Not self-service. The Aclara TWACS AMI captures 15/30/60-minute intervals with at least 35 days stored in meter modules, but myLVmeter only shows monthly trends and comparisons. Request interval data directly from customer service at (800) 882-5875, specifying granularity, account, and date range.

Does Lower Valley Energy support Green Button, EDI, or an API?

No. There is no Green Button DMD/CMD, no ESPI/REQ.21 compliance, no ANSI X12 EDI transactions or trading partner program, and no public API or developer portal. The internal NISC MDM Extract tooling is utility-only and not exposed to third parties.

How do consultants or aggregators get data for LVE member accounts?

Only through direct negotiation. There is no Share My Data portal or aggregator partnership, and LVE does not sell usage data. Contact (800) 882-5875 or lvenergy@lvenergy.com with the member relationship and use case; expect manual data delivery under a custom arrangement.

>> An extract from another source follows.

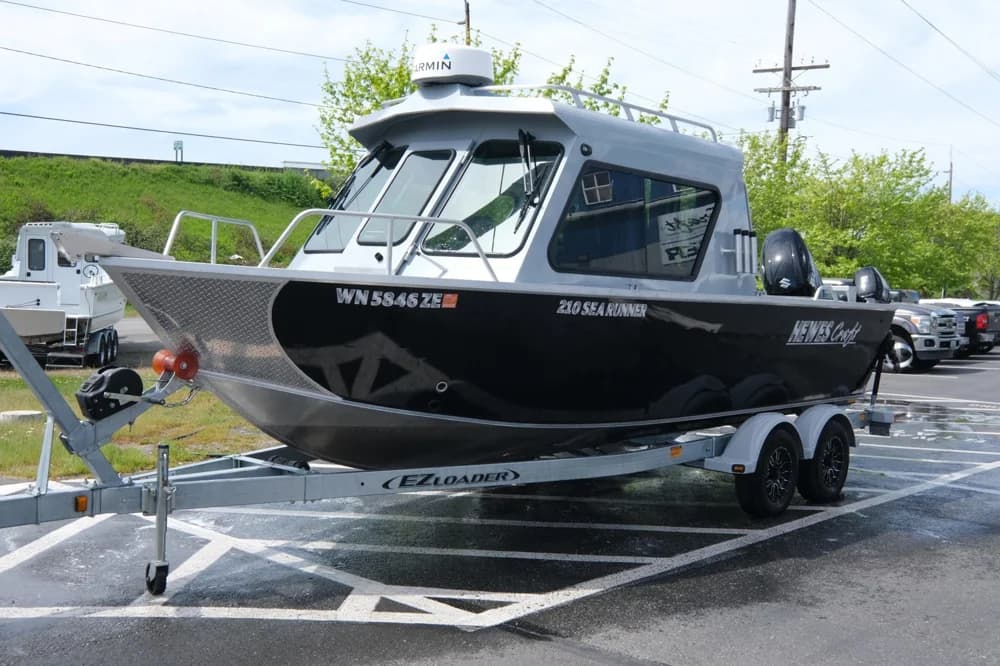 2022 Hewescraft 210 Sea Runner ET Hardtop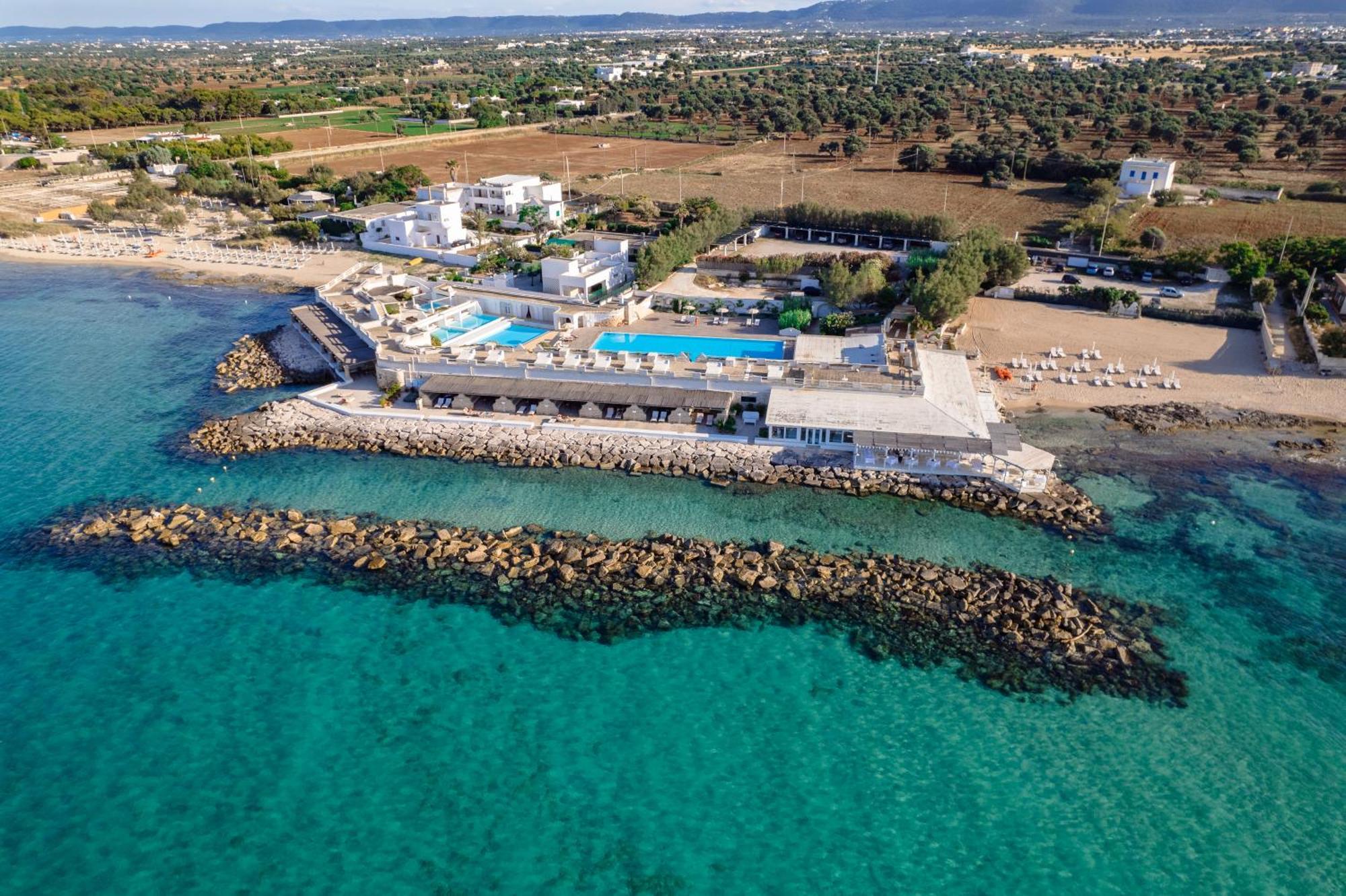 Отель La Peschiera Монополи Экстерьер фото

What usage analytics does myLVmeter provide?

Average Usage baselines, Usage Comparison against prior periods, Usage Explorer trending, Usage Management for tracking energy reduction, and Usage Tracking with custom 12-month date ranges — plus peak demand analysis. It's a free member benefit inside SmartHub, but offers graphical views only with no data export.

Does Lower Valley Energy serve both electric and gas, and can members shop for supply?

LVE delivers both electric and natural gas service across northwest Wyoming and southeastern Idaho as a consumer-owned cooperative. There is no retail choice in its territory — members take bundled service at board-set rates published on the Rates & Schedules page.